The code for page allocation is shown below. The kernel implements a double-mapped circular buffer, where each data page is mapped twice (enough because you cannot surpass the buffer size so...), thereby simplifying both the kernel and user-land implementations tremendously. This is illustrated below.
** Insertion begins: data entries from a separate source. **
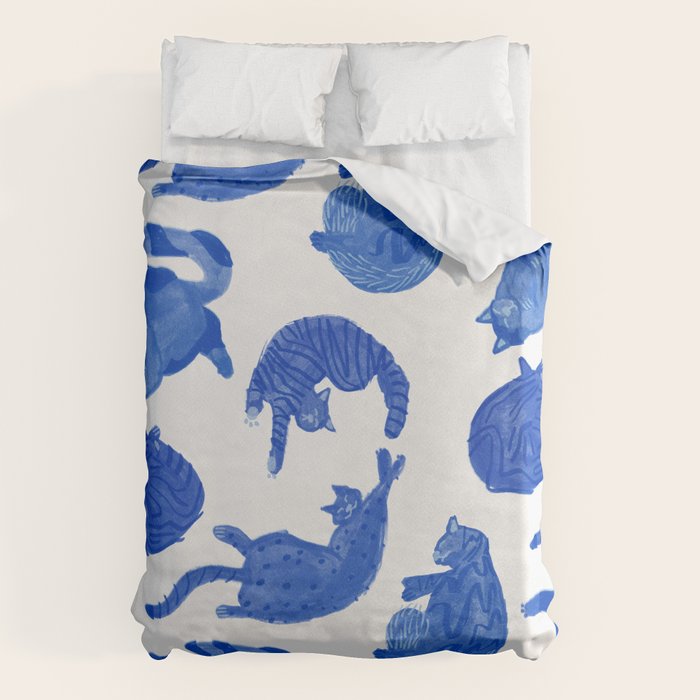 Sleepy Cozy Kitty Cats in Royal Blue & White Duvet Cover Gallery Image 1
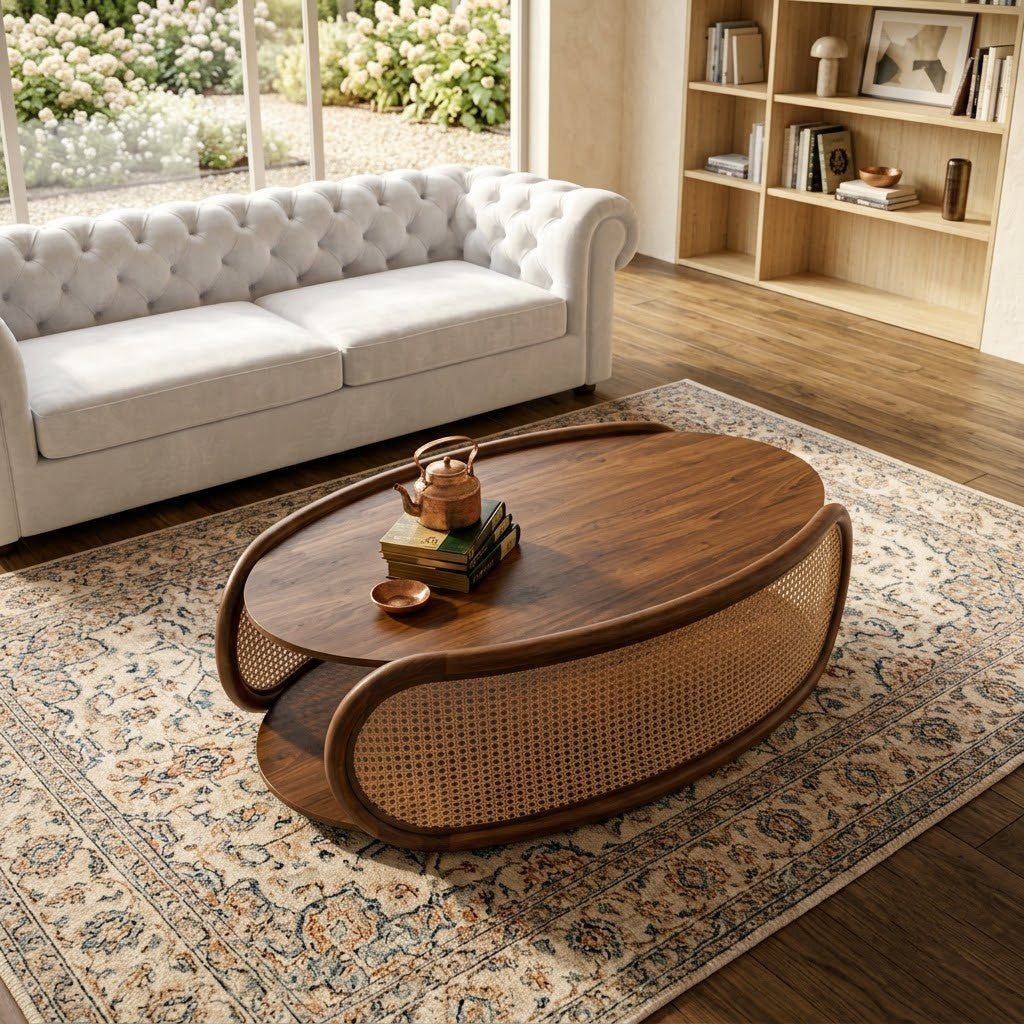 PRITI Solid Sheesham Wood Oval Coffee Table with Rattan Cane Design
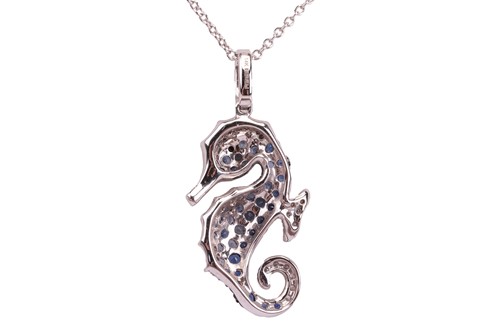 Lot 56 - A gem-set seahorse pendant, pavé-set with...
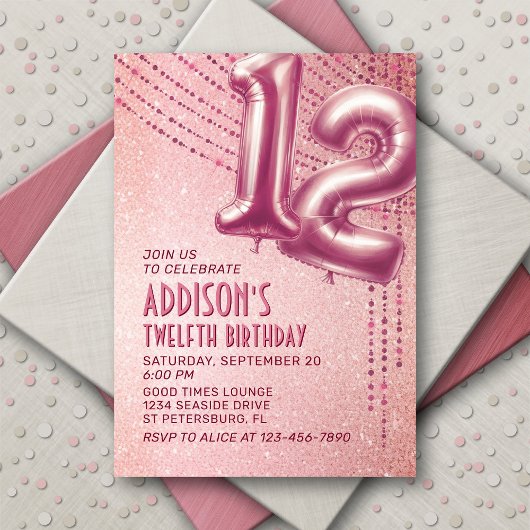 Invitation 12e anniversaire filles Rose or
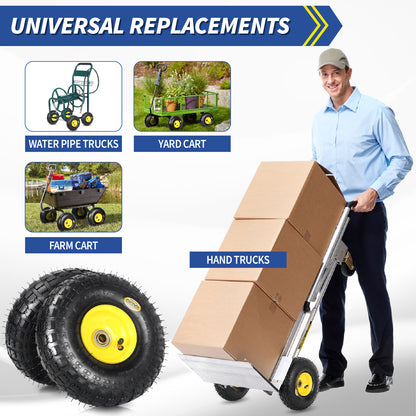 4.10/3.50-4 Rubber Tire and Wheel, with 2.25" Offset Hub, 5/8" Sealed Bearings, for Hand Truck Trolley Dolly Garden Wagon Wheel Replacement, 2 Pack (Explorer Series)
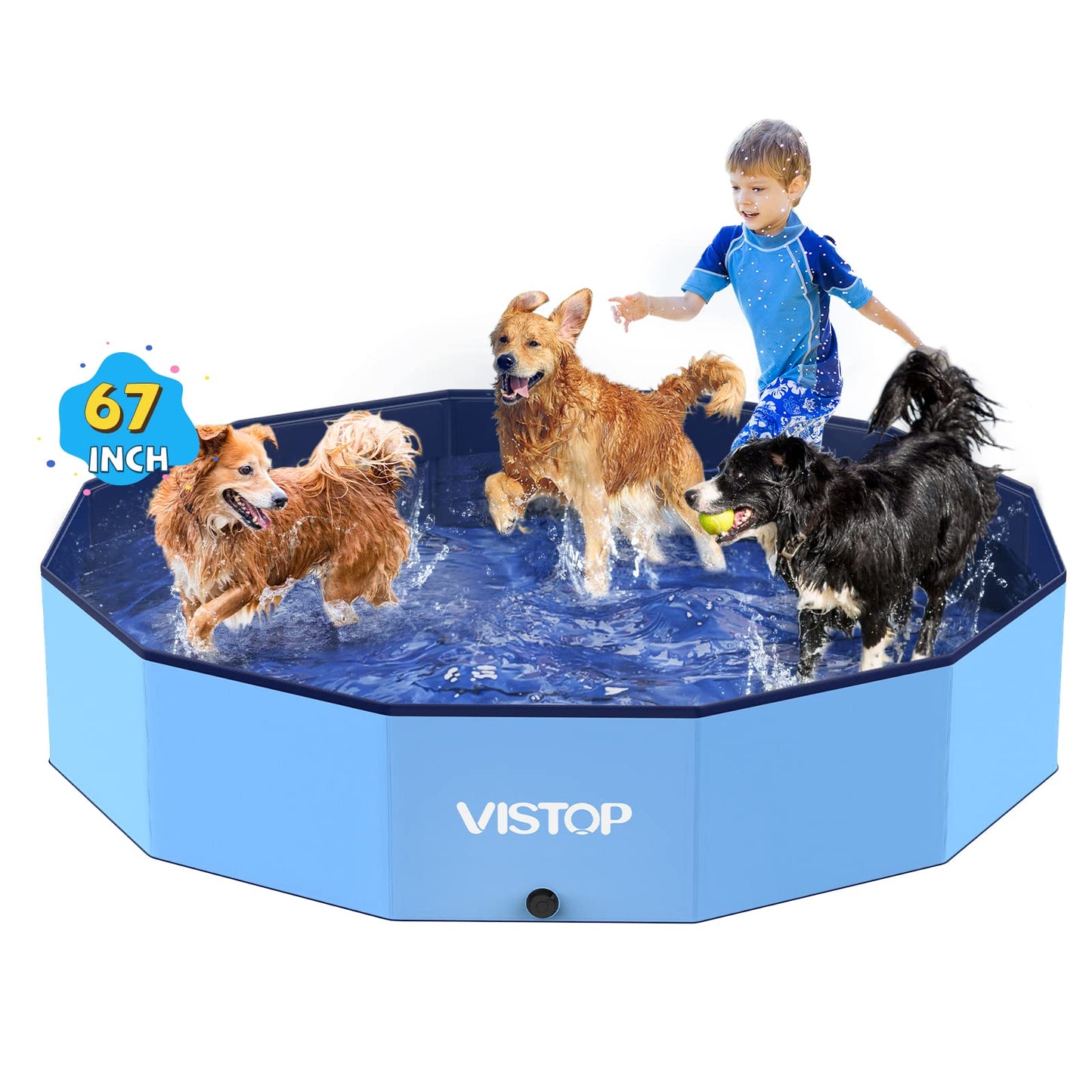 Hot VISTOP Extra Large Foldable Dog Pool XXL, Hard Plastic Shell Portable Swimming Pool for Dogs Cats and Kids Pet Puppy Bathing Tub Collapsible Kiddie Pool (67inch.D x 11.8inch.H, Blue)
Pages are allocated normally page = alloc_pages_node(numa_node, flags, 0); , next extended page structures are filled with the same content pages[nr_data_pages + i] = page;. Finally the ring buffer is mapped via rb = vmap(pages, nr_meta_pages + 2 * nr_data_pages,VM_MAP | VM_USERMAP, PAGE_KERNEL);. (void *)rb->data points to the virtual memory region containing the ring buffer’s double-mapped pages, and both the consumer and producer don’t need to check for wraparound manually (this is a huge benefit) because the mirrored pages ensure continuous reading and writing.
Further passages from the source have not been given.